Kolejny dzień pobytu w Veinge
rozpoczęliśmy od doświadczeń
naukowych. Dzięki świetnemu przygotowaniu merytorycznemu szwedzkich
nauczycieli oraz dobremu wyposażeniem sali lekcyjnej w niezbędne pomoce
dydaktyczne, zajęcia okazały się bardzo interesujące nawet dla najmłodszych
uczniów. Tornado w butelce, ogniste tornado, śpiewające szklanki, mierzenie
prędkości dźwięku z wykorzystaniem programu Audacity oraz papierowych tub,
badanie pulsu przy pomocy sprzętu Data logger oraz odkrywanie, jak działa laser
to zakres tematyczny warsztatów.
Po południu
udaliśmy się do krainy Smalandii,
gdzie odwiedziliśmy Park Moose Safari. Z okien pociągu oglądaliśmy łosie i żubry
żyjące w warunkach zbliżonych do naturalnych. Łosie chętnie zjadały marchewki i
były bardzo sympatyczne.
Po wycieczce uczniowie udali się do sklepu z wszelkimi możliwymi „łosiowymi”
pamiątkami.
Wieczorem spotkaliśmy się z
nauczycielami i uczniami z siedmiu krajów, uczniami ze szwedzkiej szkoły oraz
ich rodzicami na wspólnej wielkanocnej
kolacji. Wieczór uświetniły występy absolwentów ze szkoły w Veinge. Wszyscy
świetnie się bawili.
Przedostatniego dnia pobytu
udaliśmy się na wycieczkę
do Gothenburga, drugiego co do wielkości miasta Szwecji, położonego
nad cieśniną Kattegat. W kilkuosobowych grupach zwiedzaliśmy miasto, spacerując
po charakterystycznych szerokich alejach, podziwiając parki i imponujące budowle
z końca XIX wieku.
Popołudnie spędziliśmy
w centrum naukowym Universeum. Zwiedzanie siedmiu poziomów z
bogactwem różnorodnych zwierząt: ptaków, motyli, jaszczurek, płaszczek oraz małp
z lasów tropikalnych, podziwianie akwarium z ośmiornicami, rybami -
piłami i ośmioma gatunkami rekinów w
samym środku Gothenburga było ciekawą i niesamowitą lekcją przyrody.
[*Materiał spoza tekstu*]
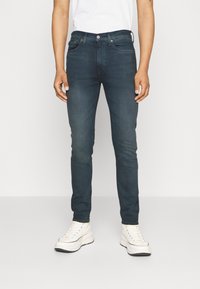 Mörkblå denimjeans med slim fit, fem fickor och knäppning framtill, som bärs med vita sneakers. Slät textur.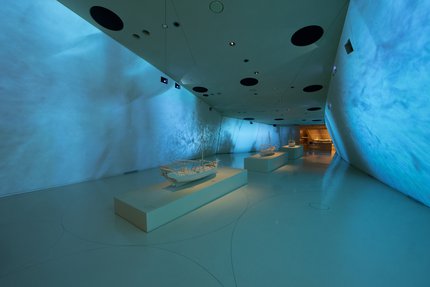 Interior of a gallery space at the National Museum of Qatar showcasing traditional dhow boats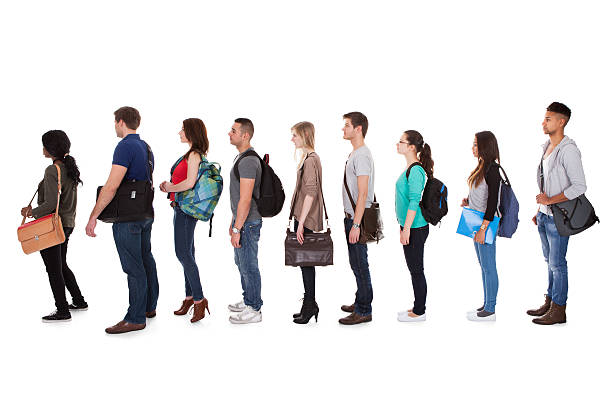 istock Multiethnic College Students Standing In A Row 510334207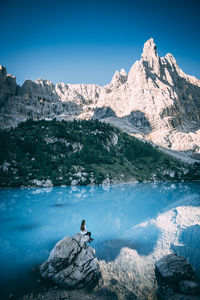 Scenic view of snowcapped mountain against blue sky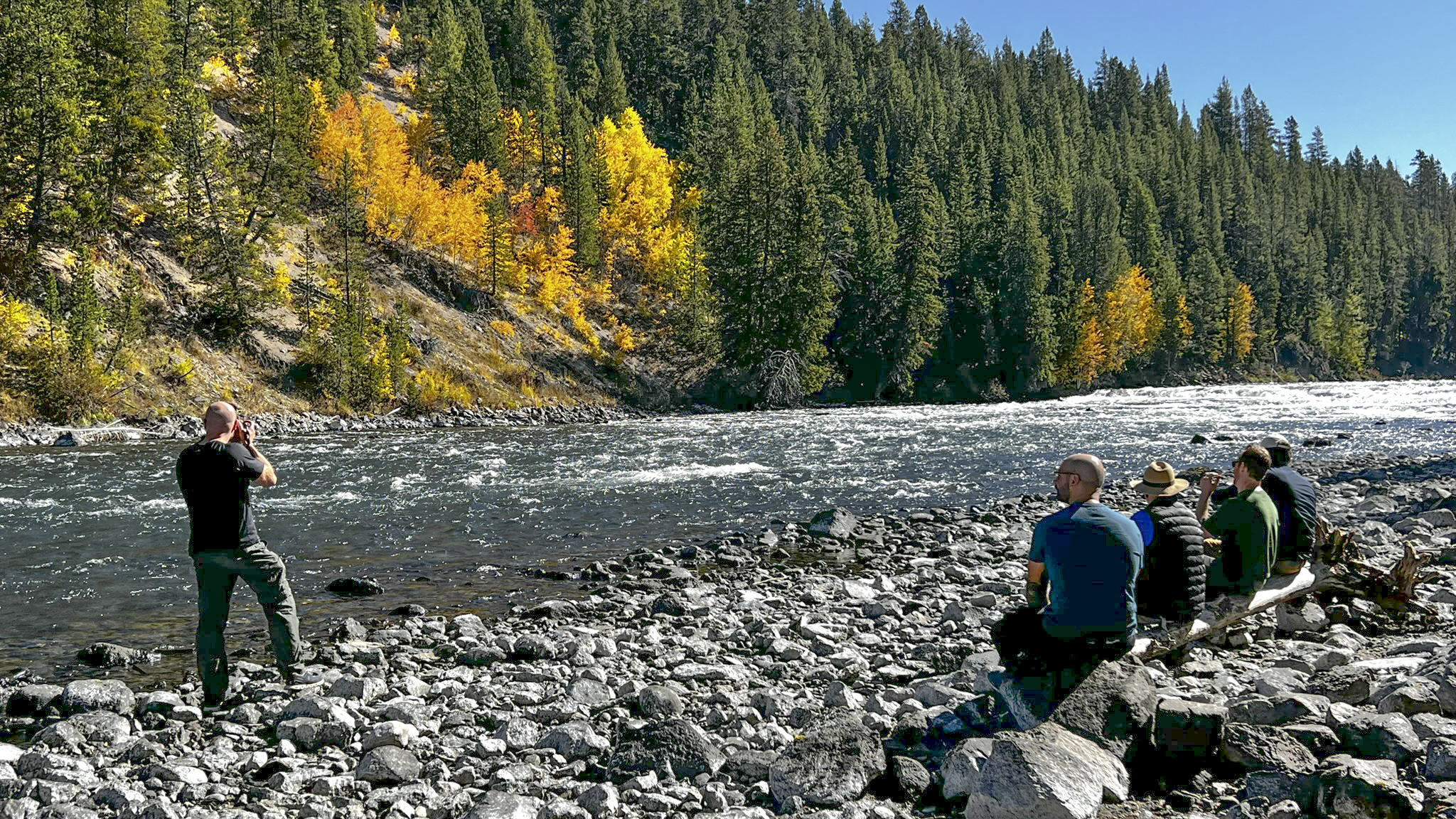 Photographer and group enjoying fall views of the Yellowstone River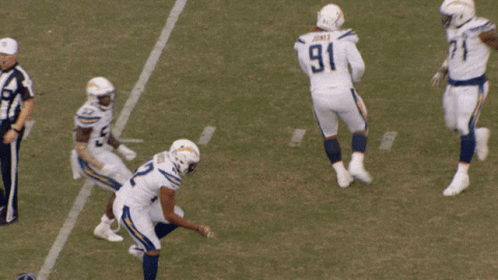a football player with the number 91 on his jersey is getting ready to kick the ball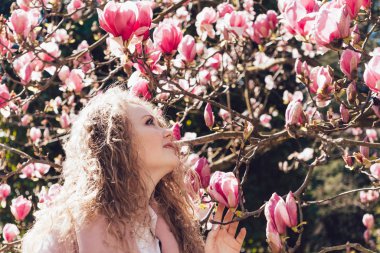 sıcaklık ve bahar parkta güzel kokulu Pembe Manolya çiçek, koklama kıvırcık güzel kadının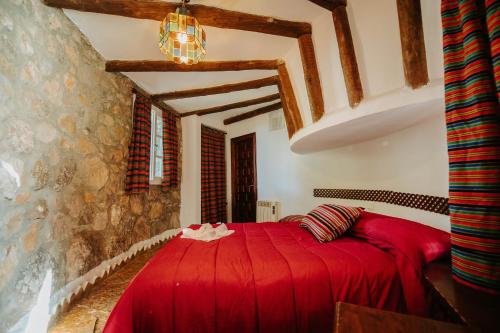 sypialnia z czerwonym łóżkiem w pokoju w obiekcie Los Chozos w mieście Benaocaz
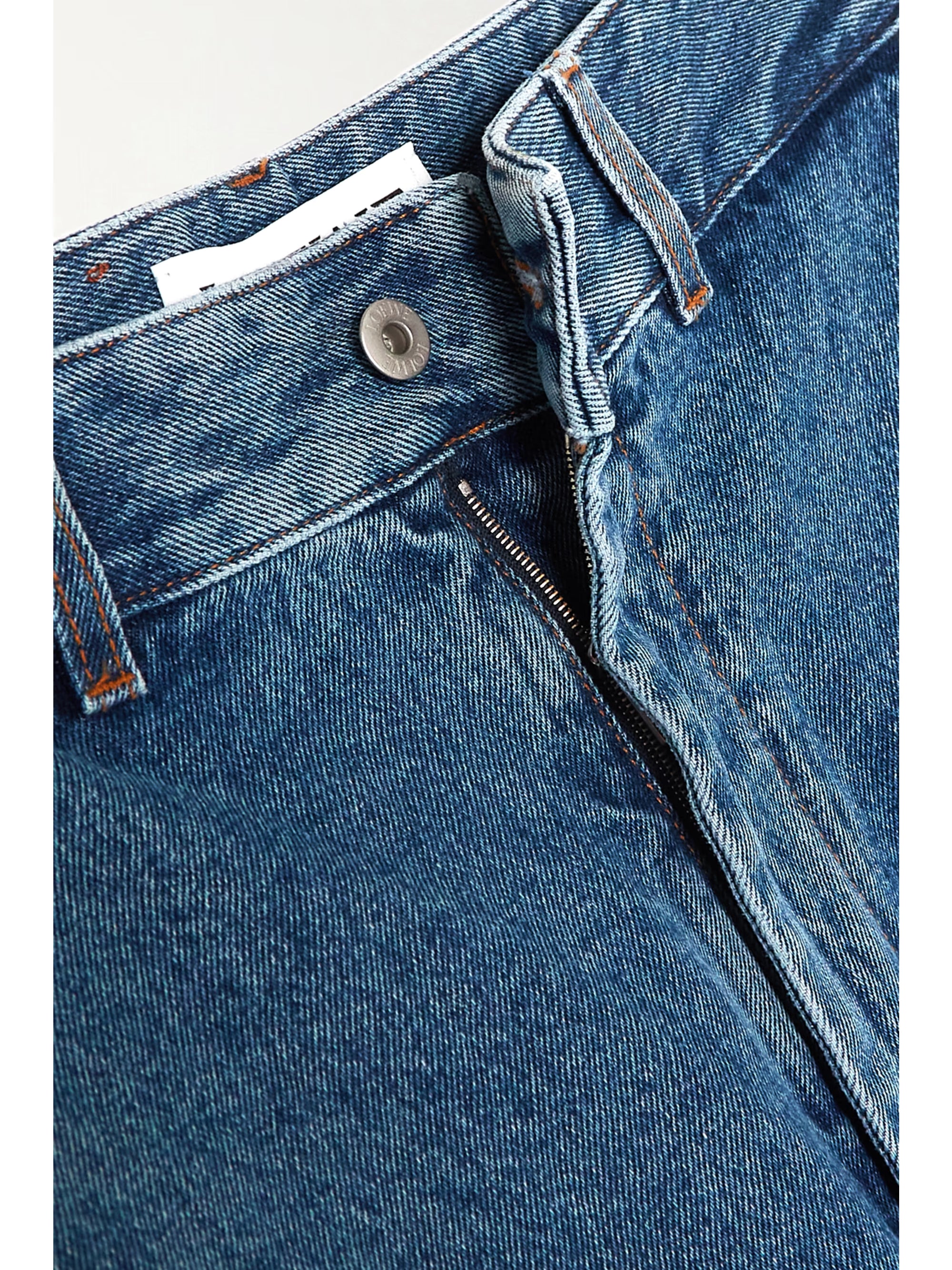 DIORA – High-Waist Jeans mit Signature-Motiv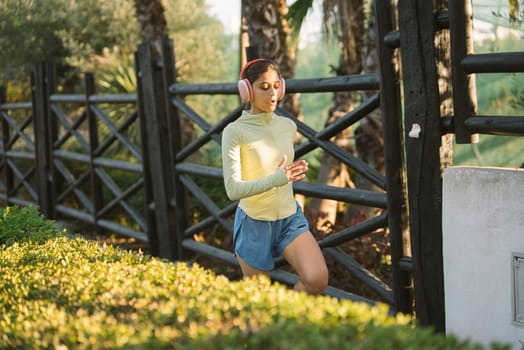 A joyful girl playfully running in a beautiful park, showcasing a trendy outfit against lush, green scenery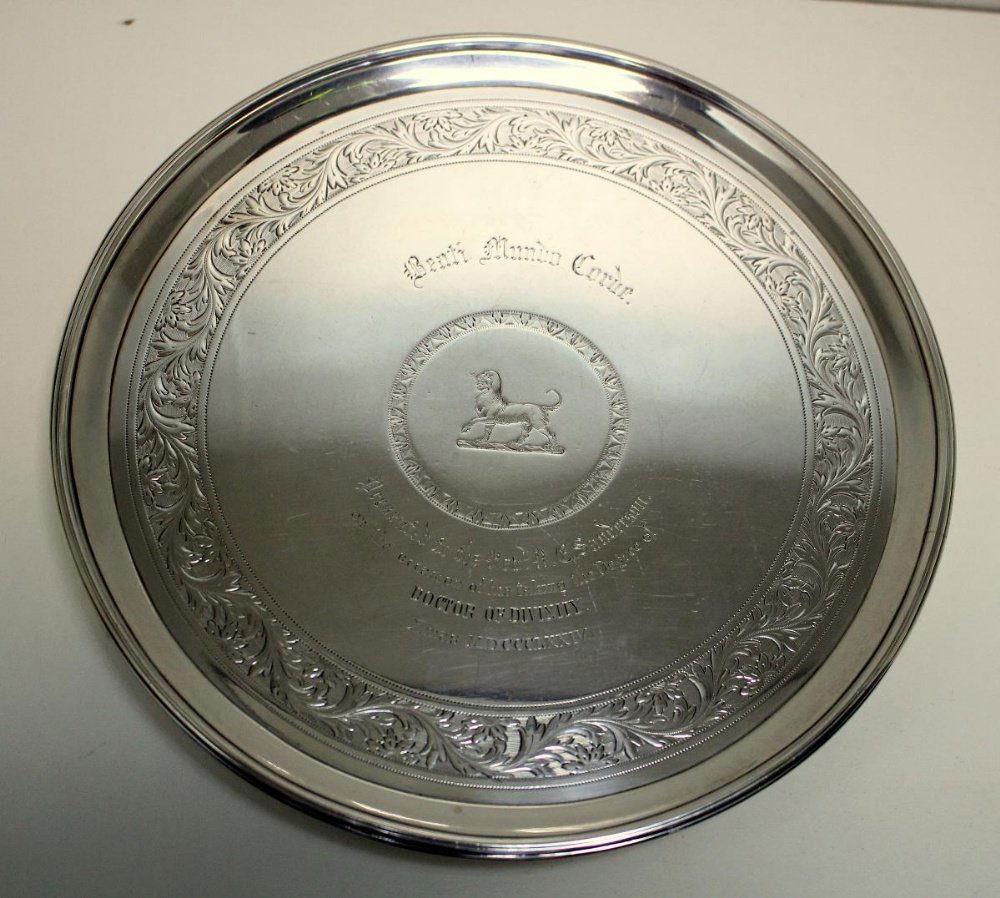 A small George III silver salver,: A small George III silver salver, by Daniel Smith and Robert Sharp, London 1787, circular with moulded reeded edge, raised on three scrolled feet, the ground with engraved foliate border around a cent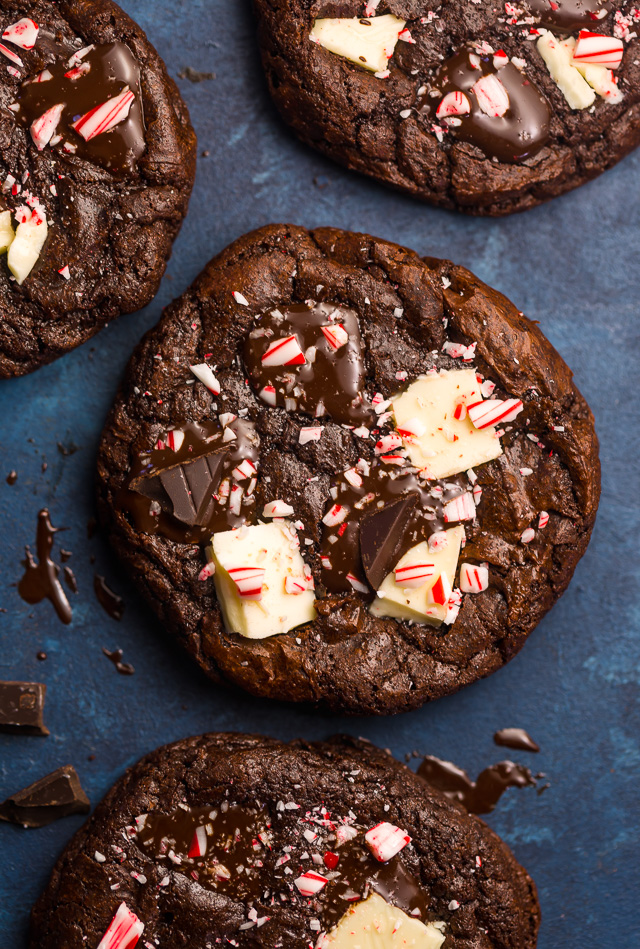 If you enjoy the combination of dark chocolate and perky peppermint, you're going to LOVE these Double Chocolate Peppermint Fudge Cookies! Topped with gooey chocolate chunks, a white chocolate layer, plus crushed candy canes, these cookies are as beautiful as they are delicious! And a must bake this holiday season!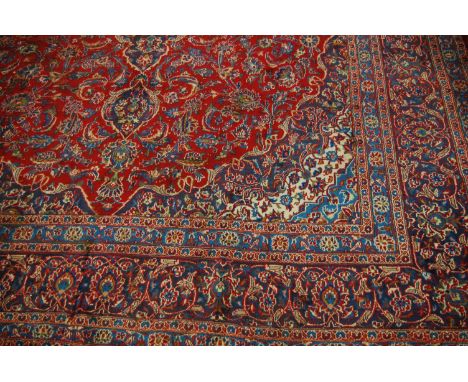 A Persian Keshan woollen carpet having a red ground with a central medallion issuing scroll flowers and foliage within multip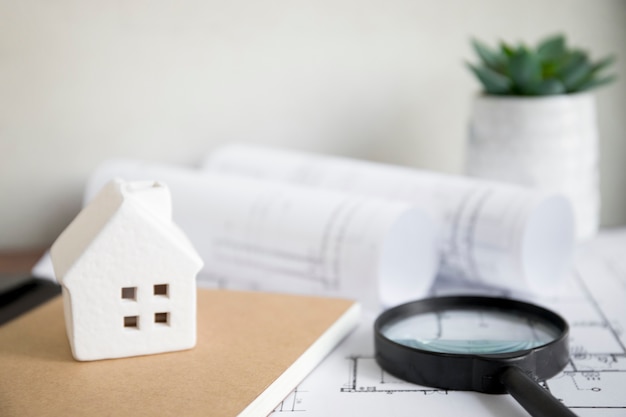 House and notebook near magnifying glass and drafts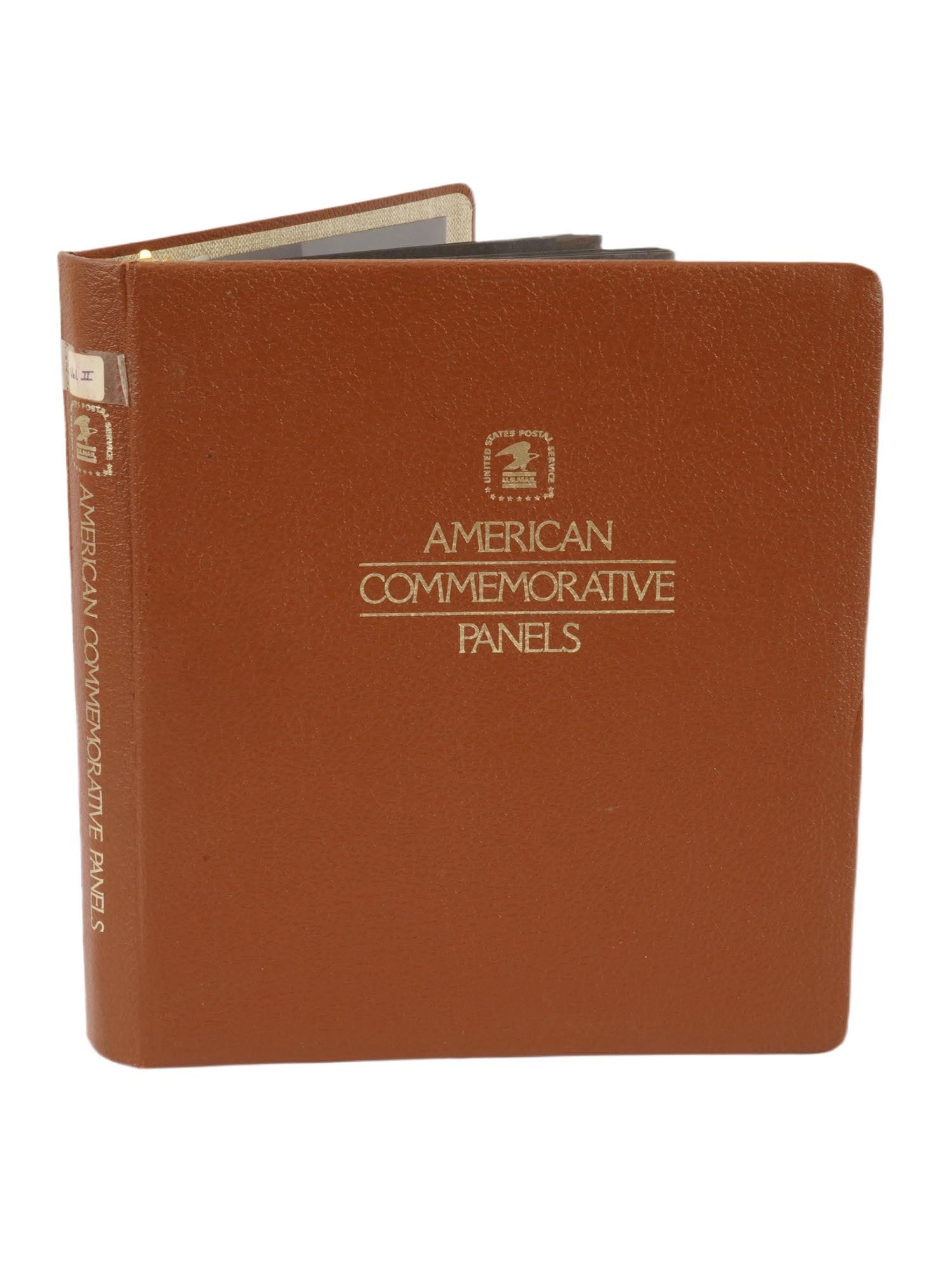 LOT OF VTG AMERICAN COMMEMORATIVE STAMPS IN ALBUM: A collection of vintage American stamps collected in an album titled American Commemorative Panels. The album contains information and commemorative stamps related to Christmas, Benjamin West, Pioneer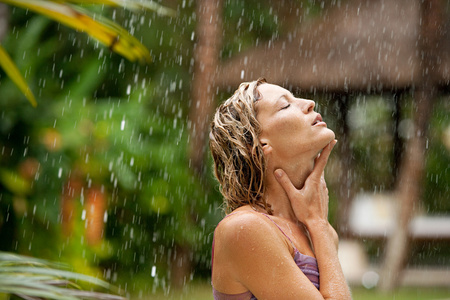 根据热带雨在异国情调的花园中有吸引力的女人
Wieczór upłynął na zabawie
uczniów i nauczycieli w kręgielni i na wspólnym posiłku.
11 kwietnia wcześnie rano
pożegnaliśmy się z naszymi gospodarzami. Uczennice ze Szwecji wraz z ich
opiekunem i rodzicami odprowadzili nas na stację, chętnie również pomogli w
zakupie biletu, udzielili pomocnych wskazówek, jak dotrzeć na lotnisko.